Jefferson County is a county on the northern border of the U.S. state of New York. As of the 2020 census, the population was 116,721. Its county seat is Watertown. The county is named after Thomas Jefferson, third President of the United States of America. It is adjacent to Lake Ontario, southeast from the Canada–US border of Ontario.

Jefferson County comprises the Watertown-Fort Drum, NY Metropolitan Statistical Area. In 2014, it elected Colleen M. O'Neill as the first woman county sheriff in the state. She had served with the New York State Police for 32 years. The popularity of the area as a summer tourist destination results in a dramatic increase of population during that season.

The United States Army's 10th Mountain Division is based at Fort Drum. The base had a total population of nearly 13,000 according to the 2010 census.

History
When counties were established in the Province of New York in 1683, the present Jefferson County was part of Albany County. This was an enormous county, including the northern part of New York State as well as all of the present State of Vermont and, in theory, extending westward to the Pacific Ocean. This county was reduced in size on July 3, 1766, by the creation of Cumberland County, and further on March 16, 1770, by the creation of Gloucester County, both containing territory now in Vermont.

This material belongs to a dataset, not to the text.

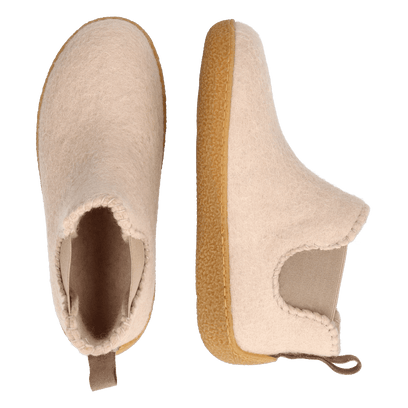 Celsi Wool Felt Slippers Camel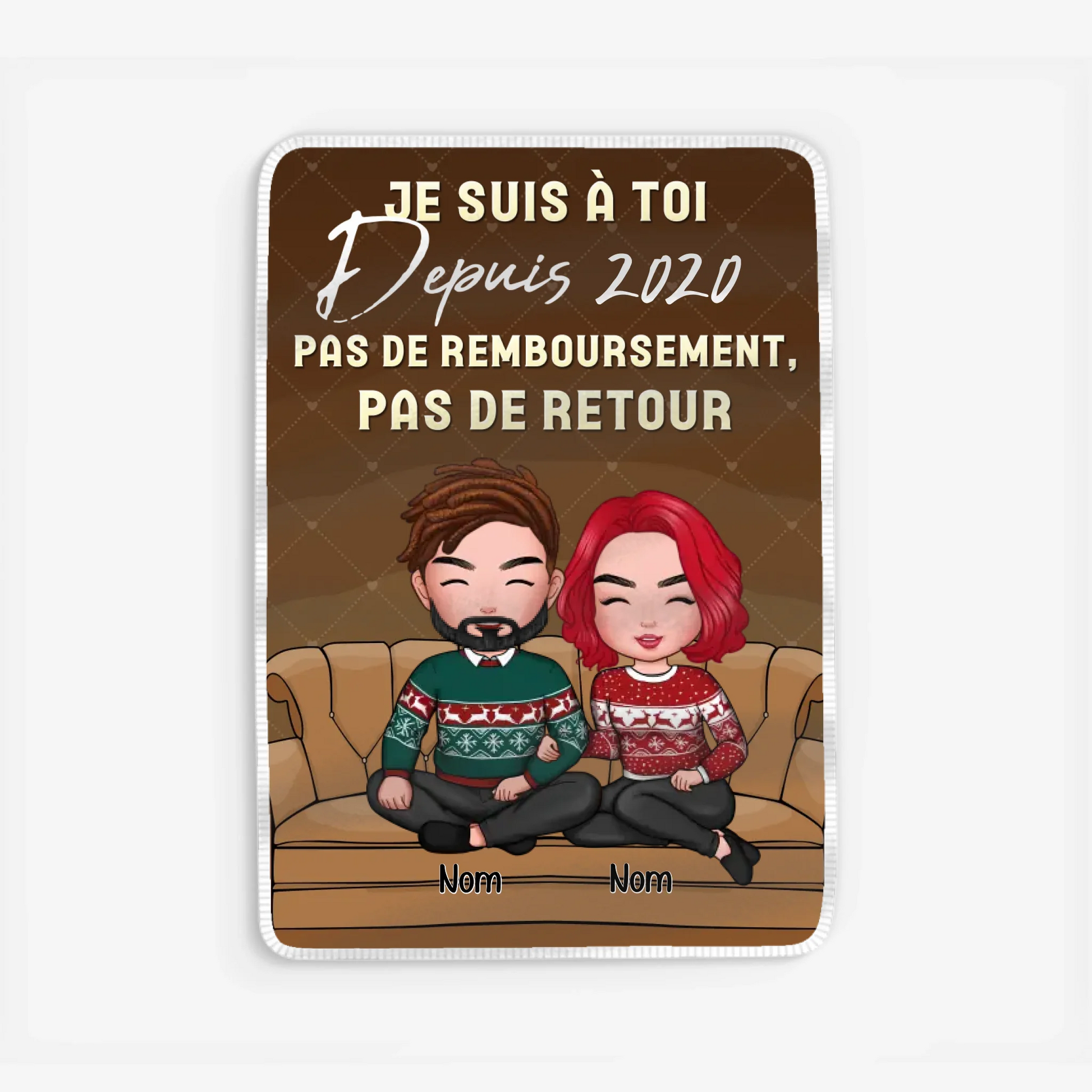 Fleece blanket Viền trắng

On March 12, 1772, what was left of Albany County was split into three parts, one remaining under the name Albany County. One of the other pieces, Tryon County, contained the western portion (and thus, since no western boundary was specified, theoretically still extended west to the Pacific). The eastern boundary of Tryon County was approximately  west of the present city of Schenectady, and the county included the western part of the Adirondack Mountains and the area west of the West Branch of the Delaware River. The area then designated as Tryon County now includes 37 counties of New York State. The county was named for William Tryon, colonial governor of New York.

In the years subsequent to 1776, most of the Loyalists in Tryon County fled to Canada. In 1784, following the peace treaty that ended the American Revolutionary War, the name of Tryon County was changed to Montgomery County to honor the general, Richard Montgomery, who had captured several places in Canada and died attempting to capture the city of Quebec, replacing the name of the hated British governor.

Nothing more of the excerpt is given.